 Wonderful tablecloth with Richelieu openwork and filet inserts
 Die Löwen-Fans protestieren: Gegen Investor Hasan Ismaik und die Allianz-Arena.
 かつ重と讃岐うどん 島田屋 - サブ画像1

________________________

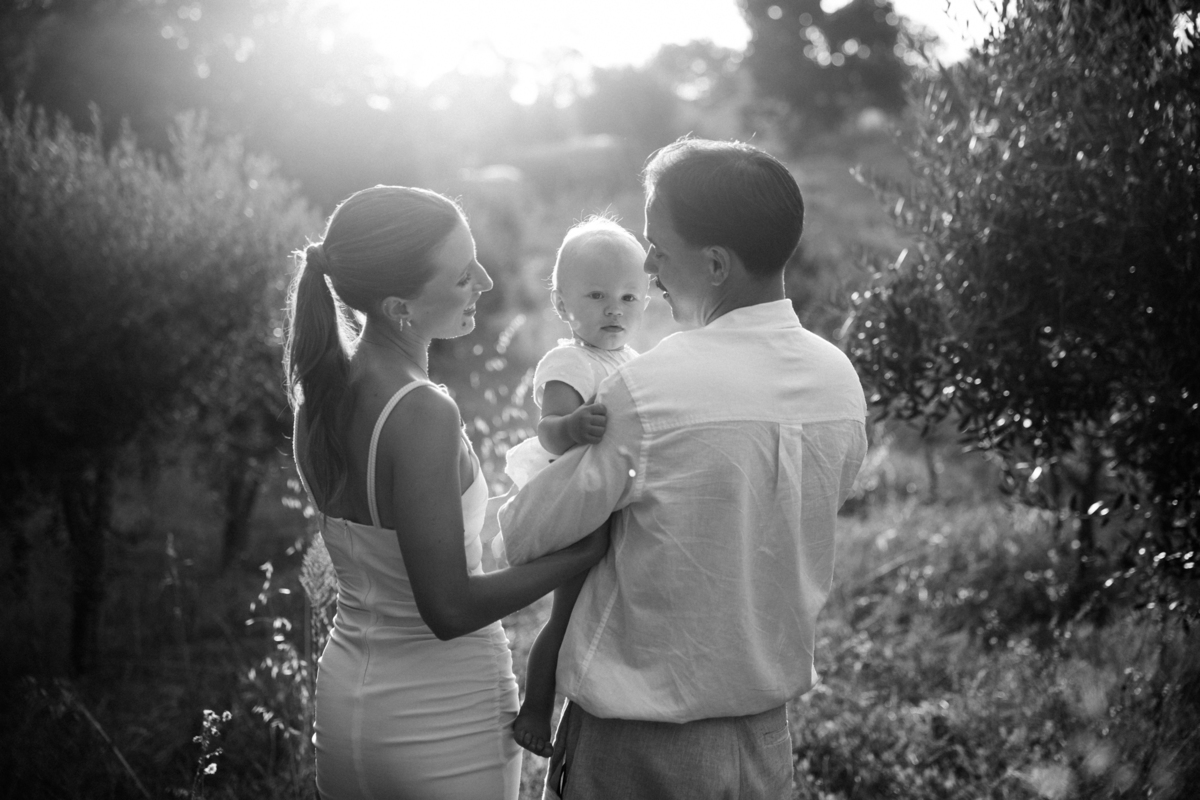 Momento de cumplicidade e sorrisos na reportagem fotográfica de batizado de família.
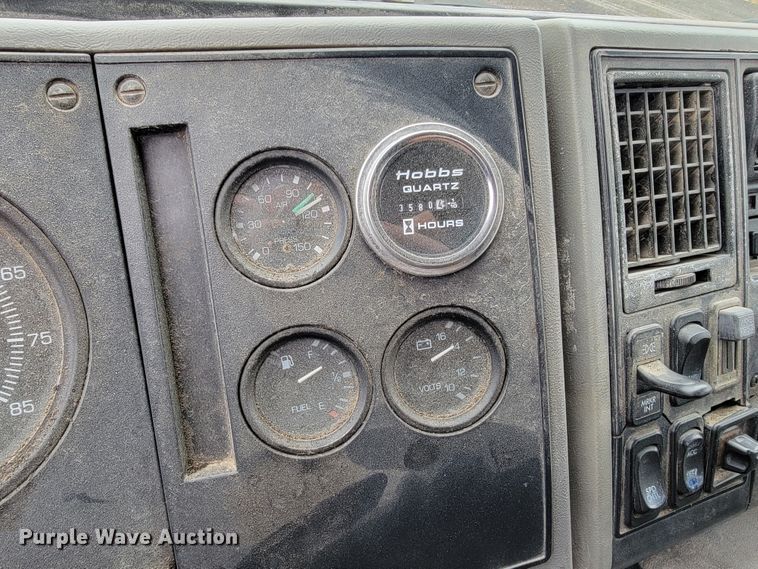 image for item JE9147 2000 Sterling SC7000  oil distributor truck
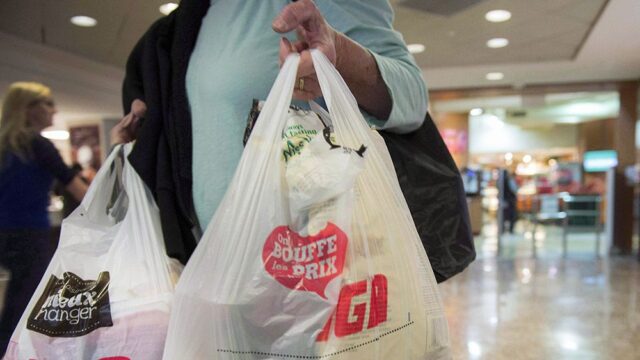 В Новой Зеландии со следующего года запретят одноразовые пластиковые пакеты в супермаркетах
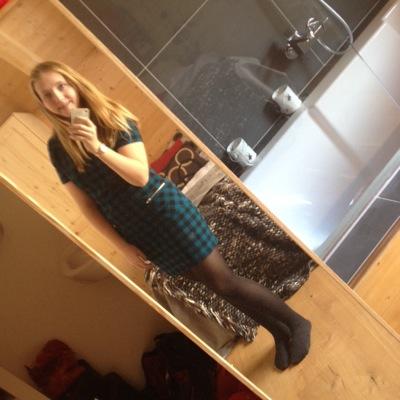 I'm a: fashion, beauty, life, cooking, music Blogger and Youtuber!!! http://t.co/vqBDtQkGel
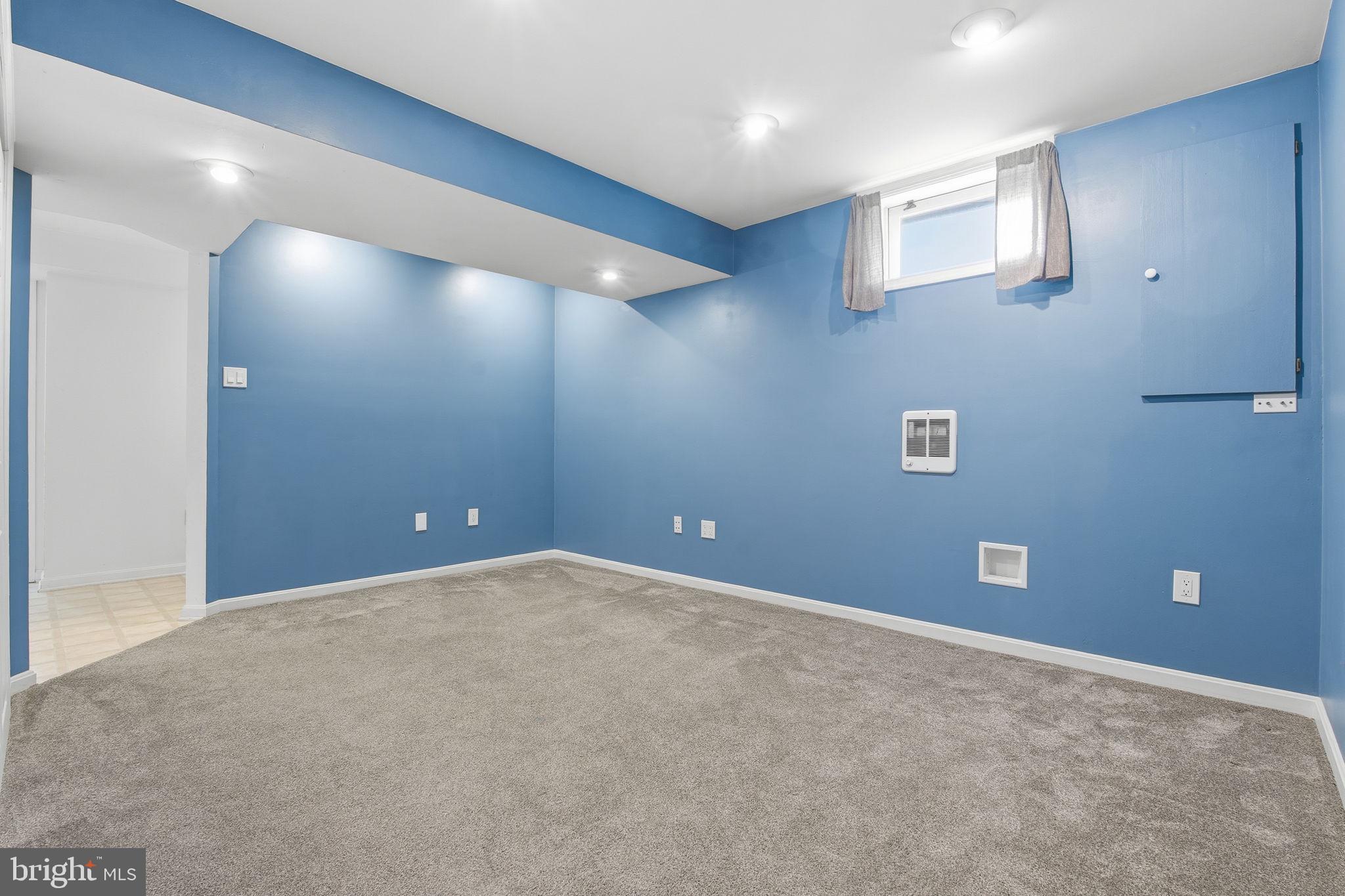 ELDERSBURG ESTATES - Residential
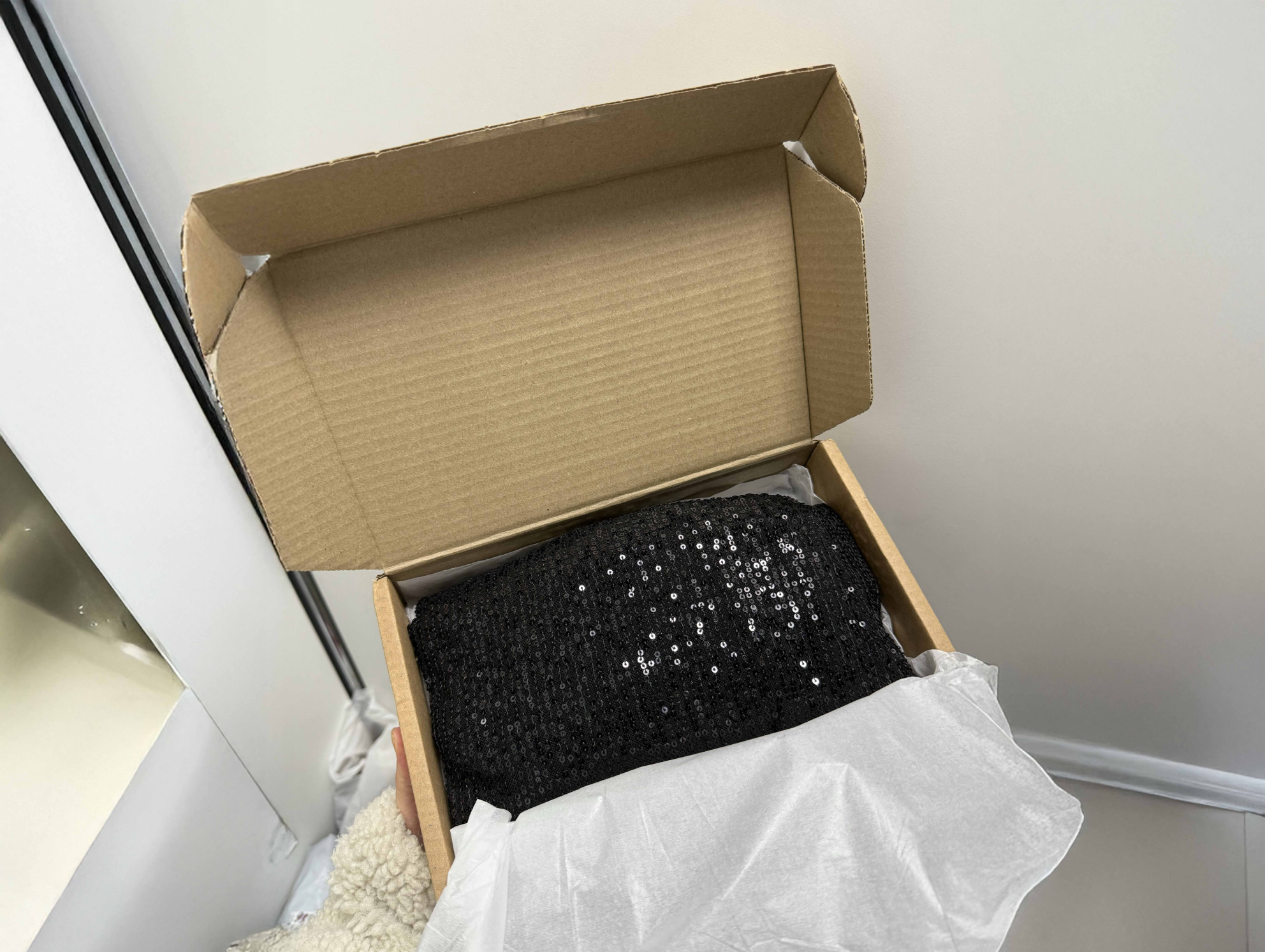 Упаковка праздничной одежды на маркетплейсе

________________________

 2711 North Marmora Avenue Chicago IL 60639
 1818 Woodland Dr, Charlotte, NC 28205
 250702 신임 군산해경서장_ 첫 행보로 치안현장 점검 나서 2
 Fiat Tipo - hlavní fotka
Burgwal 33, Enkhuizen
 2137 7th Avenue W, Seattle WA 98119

________________________

- WHAT NEEDS TO BE DONE
Return word for word the lines above from the line with "Die Löwen-Fans protestieren: Gegen" to the line with "かつ重と讃岐うどん 島田屋 - サブ画像1", including both and leaving out all others.

- TASK ANSWER
 Die Löwen-Fans protestieren: Gegen Investor Hasan Ismaik und die Allianz-Arena.
 かつ重と讃岐うどん 島田屋 - サブ画像1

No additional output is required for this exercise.